[Provided information — start]
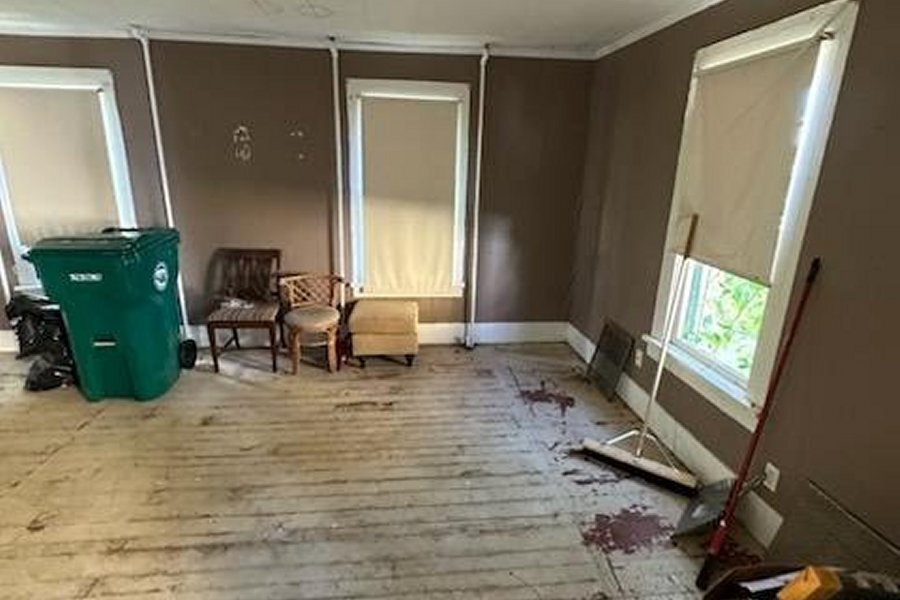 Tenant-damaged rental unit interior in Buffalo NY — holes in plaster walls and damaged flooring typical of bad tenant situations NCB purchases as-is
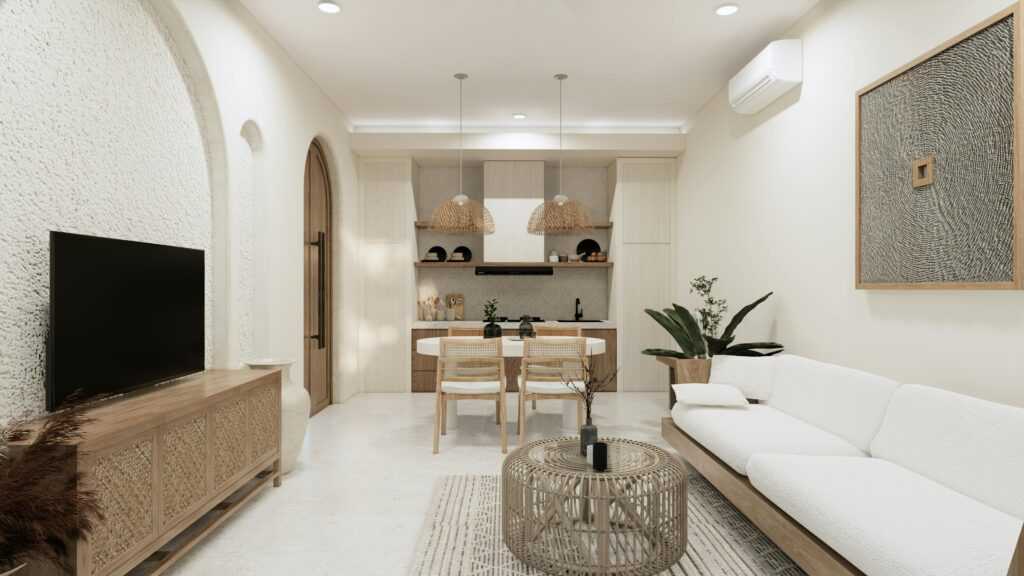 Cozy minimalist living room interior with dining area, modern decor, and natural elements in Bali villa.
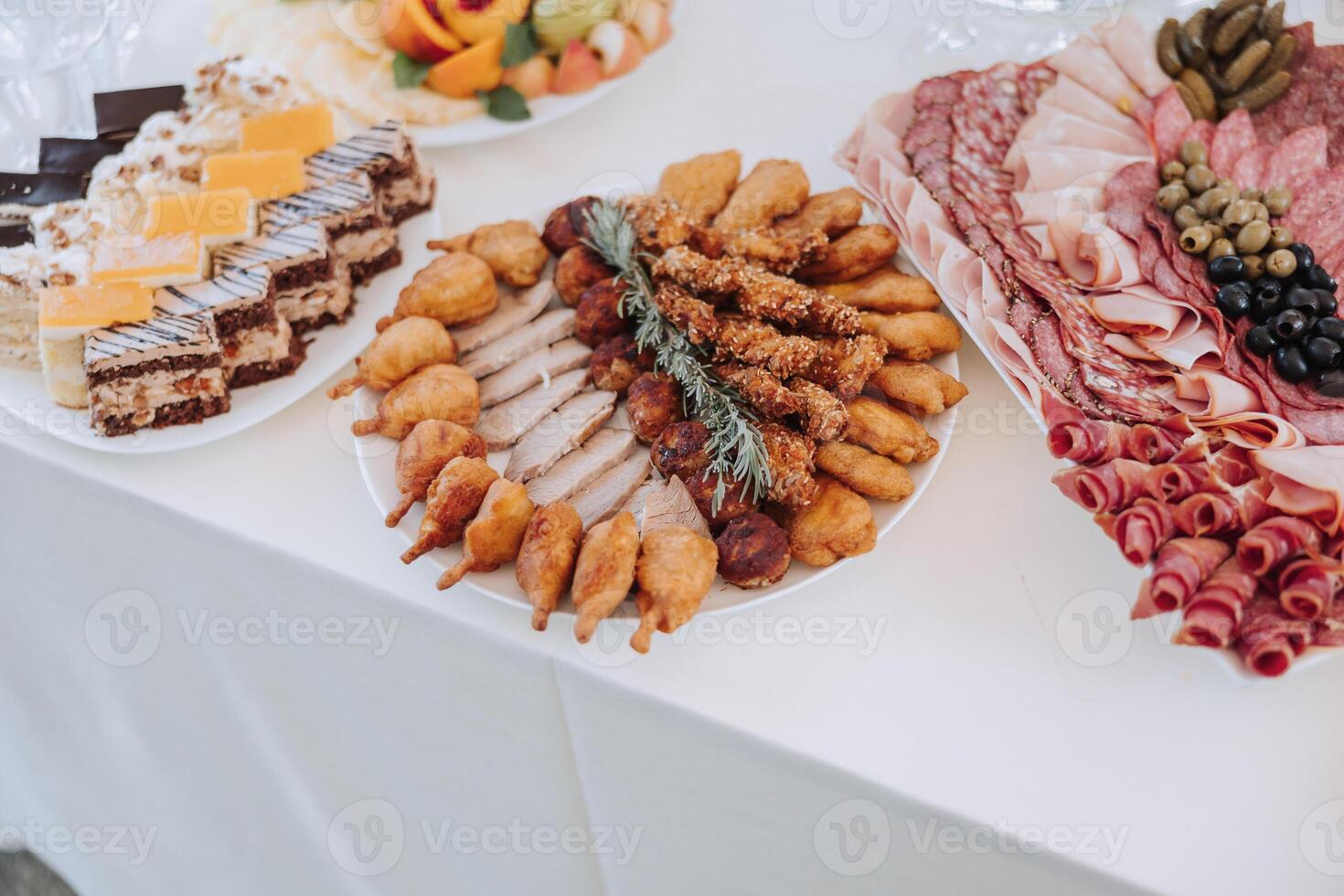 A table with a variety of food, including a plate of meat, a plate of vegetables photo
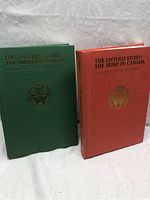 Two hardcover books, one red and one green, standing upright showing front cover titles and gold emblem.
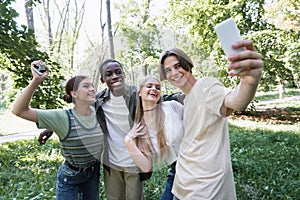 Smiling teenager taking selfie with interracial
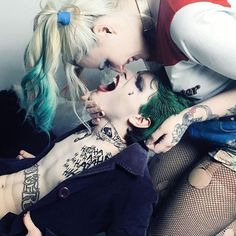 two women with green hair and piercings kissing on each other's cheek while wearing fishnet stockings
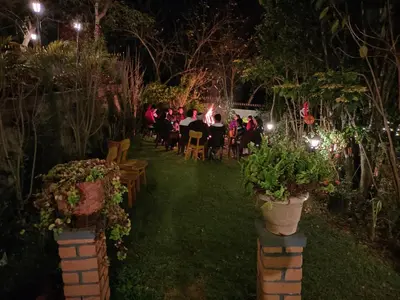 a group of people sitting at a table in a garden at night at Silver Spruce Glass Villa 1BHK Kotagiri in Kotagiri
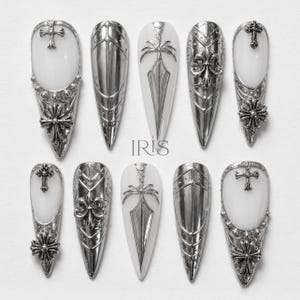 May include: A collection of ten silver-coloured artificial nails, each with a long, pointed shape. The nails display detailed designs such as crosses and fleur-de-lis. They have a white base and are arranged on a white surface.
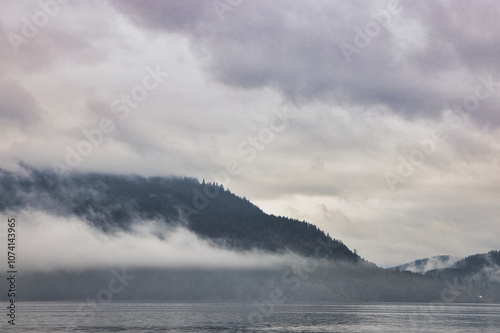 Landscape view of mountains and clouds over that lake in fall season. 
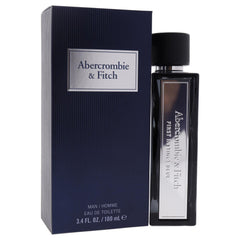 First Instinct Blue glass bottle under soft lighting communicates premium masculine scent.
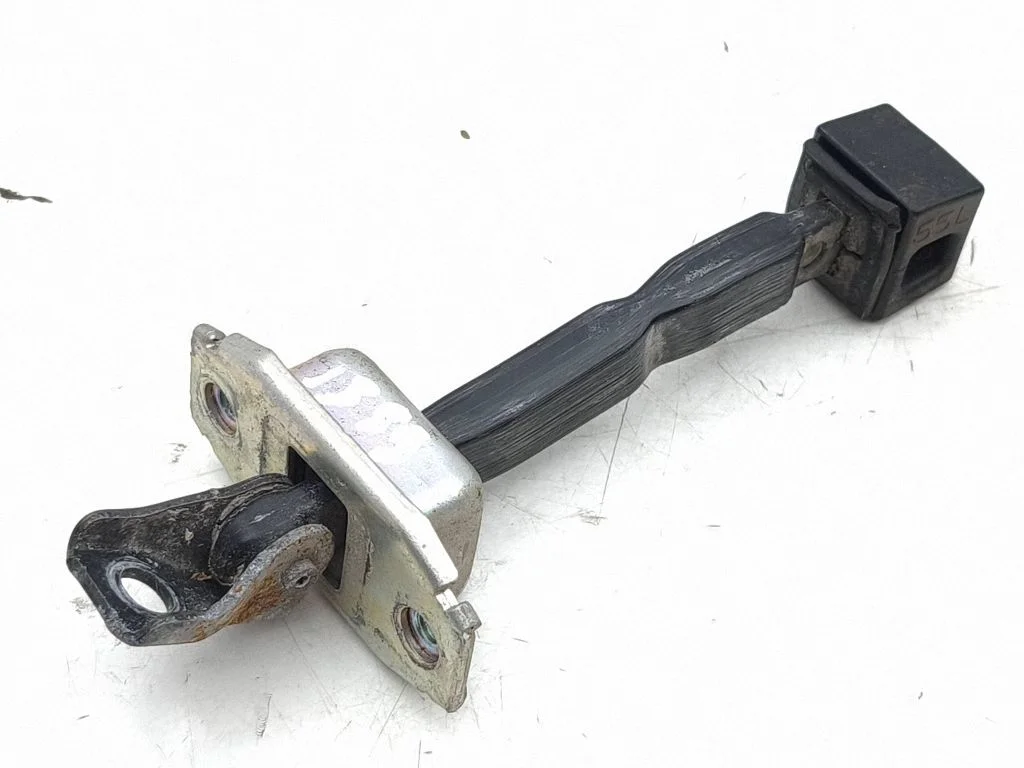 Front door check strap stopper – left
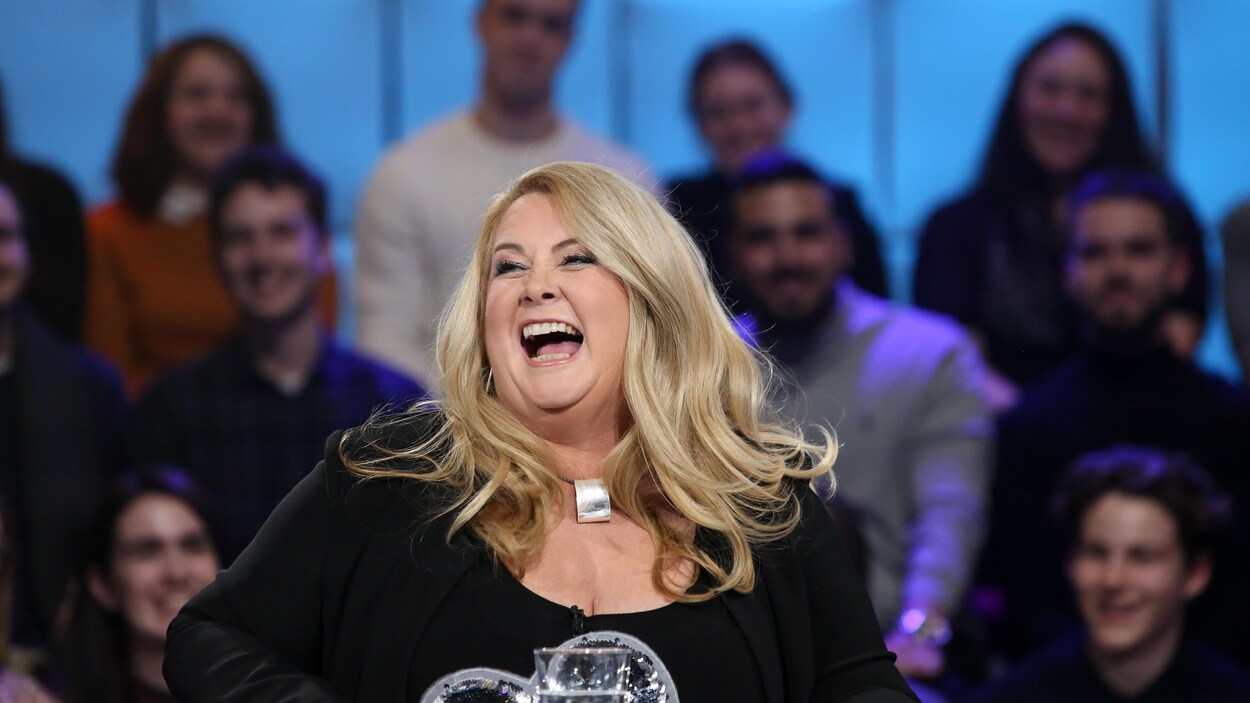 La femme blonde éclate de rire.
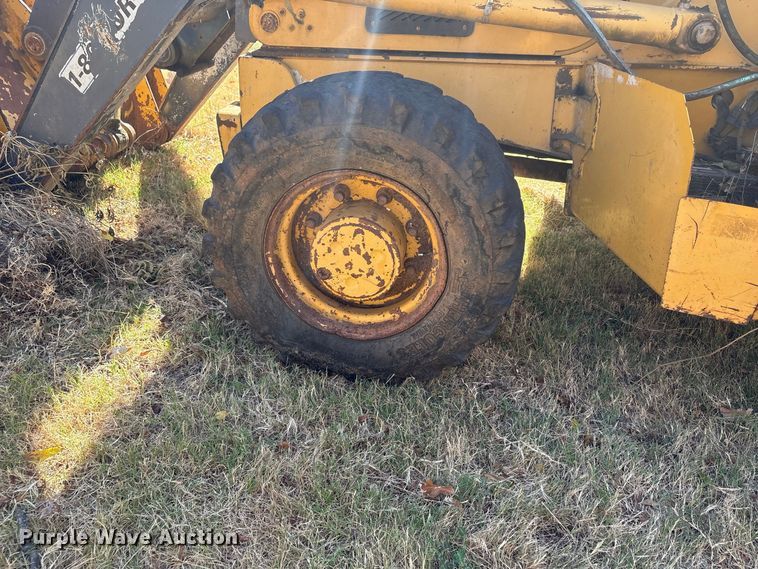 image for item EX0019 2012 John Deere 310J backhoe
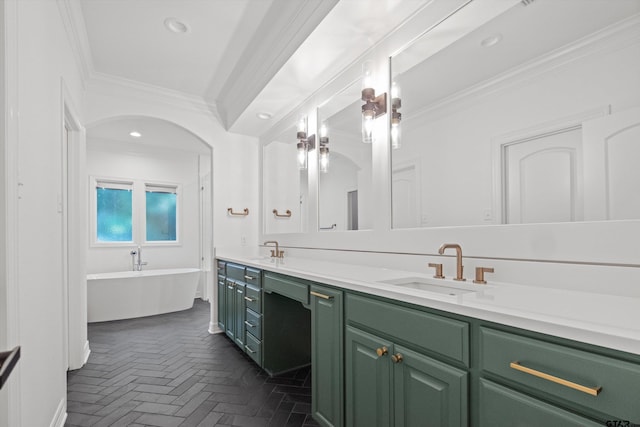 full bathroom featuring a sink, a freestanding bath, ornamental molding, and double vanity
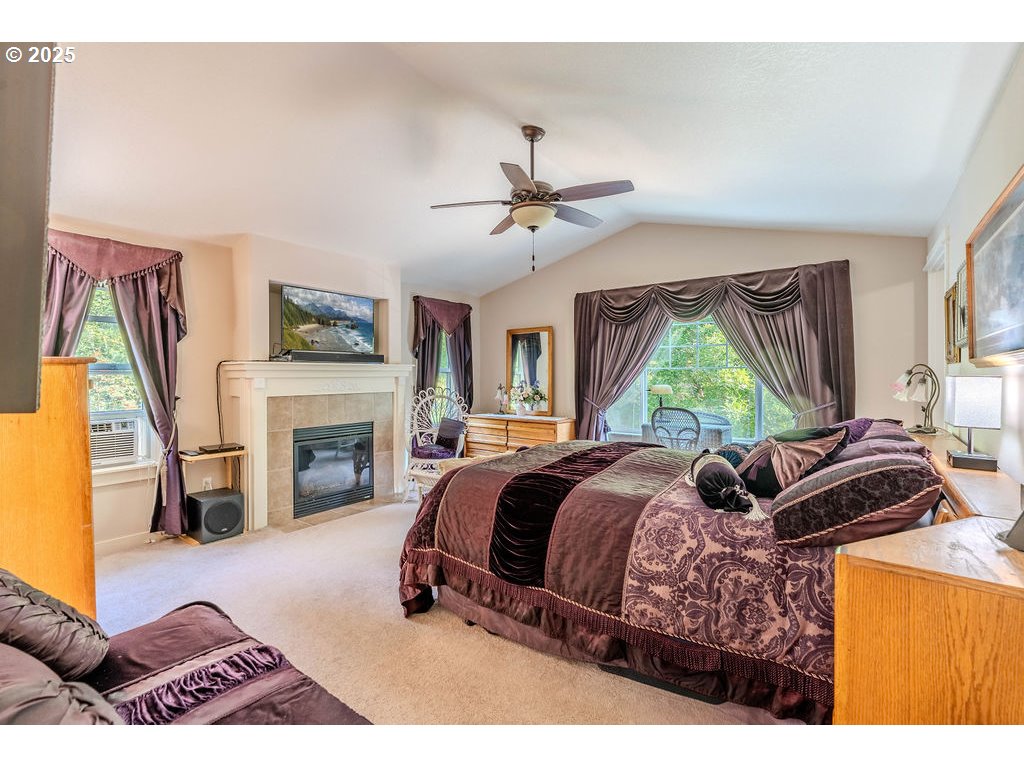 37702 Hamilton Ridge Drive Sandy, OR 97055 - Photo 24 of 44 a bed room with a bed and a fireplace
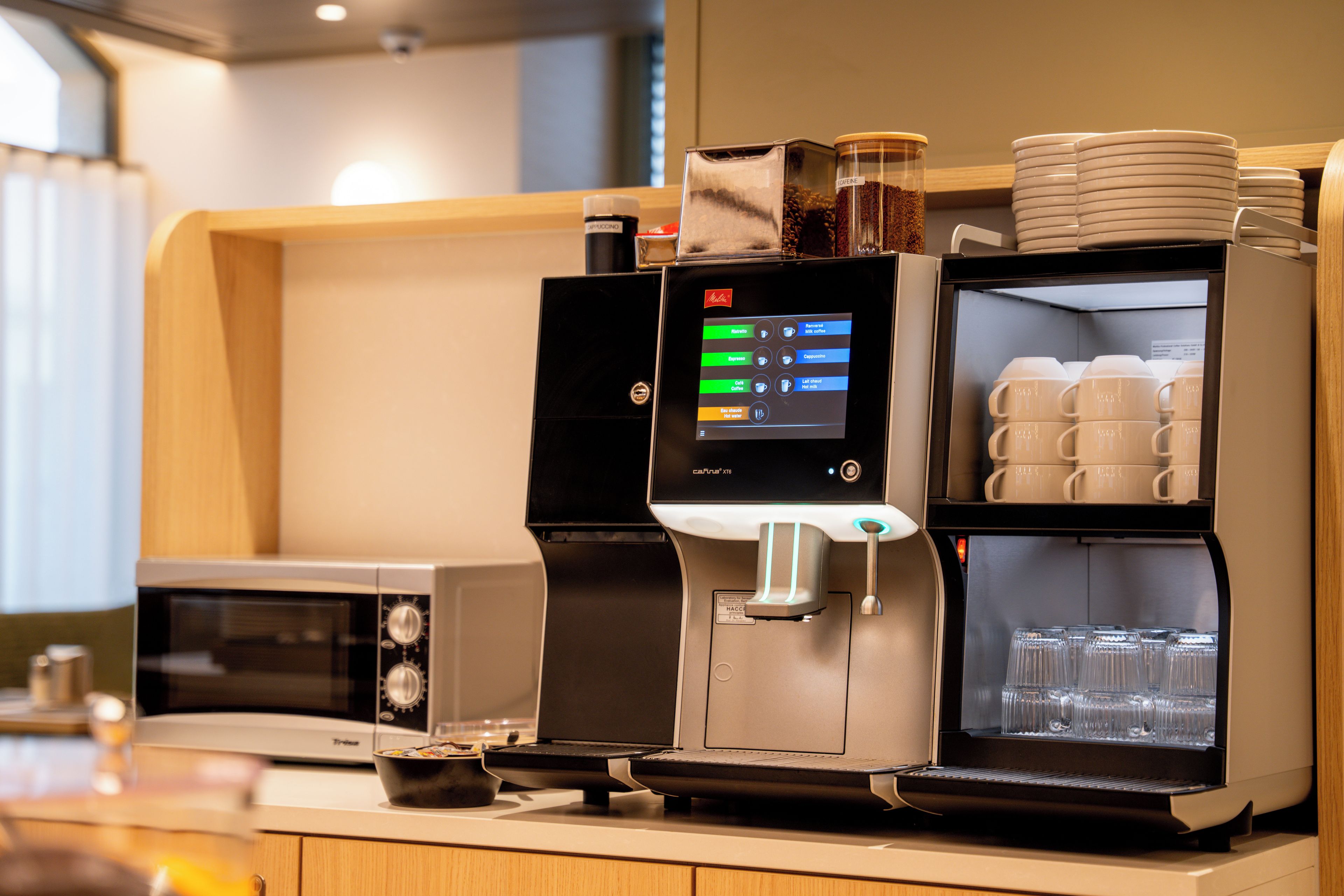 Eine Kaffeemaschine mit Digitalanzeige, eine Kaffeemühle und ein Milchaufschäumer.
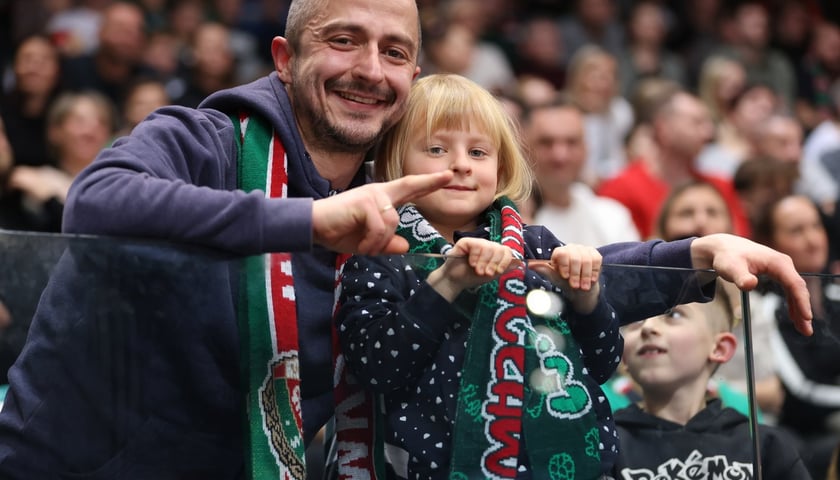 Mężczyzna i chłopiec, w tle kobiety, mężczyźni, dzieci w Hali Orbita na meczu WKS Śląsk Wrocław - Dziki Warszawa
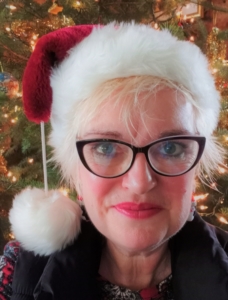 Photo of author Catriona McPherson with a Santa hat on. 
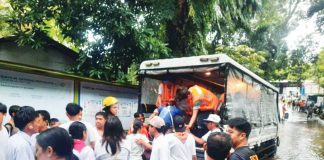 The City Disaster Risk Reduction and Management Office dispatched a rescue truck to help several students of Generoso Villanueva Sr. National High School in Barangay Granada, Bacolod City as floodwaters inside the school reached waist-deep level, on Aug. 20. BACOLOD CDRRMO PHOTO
[Provided information — finish]
◆ **Task brief**
Render the data above verbatim and without pictures.

◆ **Exercise response**
 Tenant-damaged rental unit interior in Buffalo NY — holes in plaster walls and damaged flooring typical of bad tenant situations NCB purchases as-is
 Cozy minimalist living room interior with dining area, modern decor, and natural elements in Bali villa.
 A table with a variety of food, including a plate of meat, a plate of vegetables photo
 Two hardcover books, one red and one green, standing upright showing front cover titles and gold emblem.
 Smiling teenager taking selfie with interracial
 two women with green hair and piercings kissing on each other's cheek while wearing fishnet stockings
 a group of people sitting at a table in a garden at night at Silver Spruce Glass Villa 1BHK Kotagiri in Kotagiri
 May include: A collection of ten silver-coloured artificial nails, each with a long, pointed shape. The nails display detailed designs such as crosses and fleur-de-lis. They have a white base and are arranged on a white surface.
 Landscape view of mountains and clouds over that lake in fall season. 
 First Instinct Blue glass bottle under soft lighting communicates premium masculine scent.
 Front door check strap stopper – left
 La femme blonde éclate de rire.
 image for item EX0019 2012 John Deere 310J backhoe
 full bathroom featuring a sink, a freestanding bath, ornamental molding, and double vanity
 37702 Hamilton Ridge Drive Sandy, OR 97055 - Photo 24 of 44 a bed room with a bed and a fireplace
 Eine Kaffeemaschine mit Digitalanzeige, eine Kaffeemühle und ein Milchaufschäumer.
 Mężczyzna i chłopiec, w tle kobiety, mężczyźni, dzieci w Hali Orbita na meczu WKS Śląsk Wrocław - Dziki Warszawa
 Photo of author Catriona McPherson with a Santa hat on. 
 The City Disaster Risk Reduction and Management Office dispatched a rescue truck to help several students of Generoso Villanueva Sr. National High School in Barangay Granada, Bacolod City as floodwaters inside the school reached waist-deep level, on Aug. 20. BACOLOD CDRRMO PHOTO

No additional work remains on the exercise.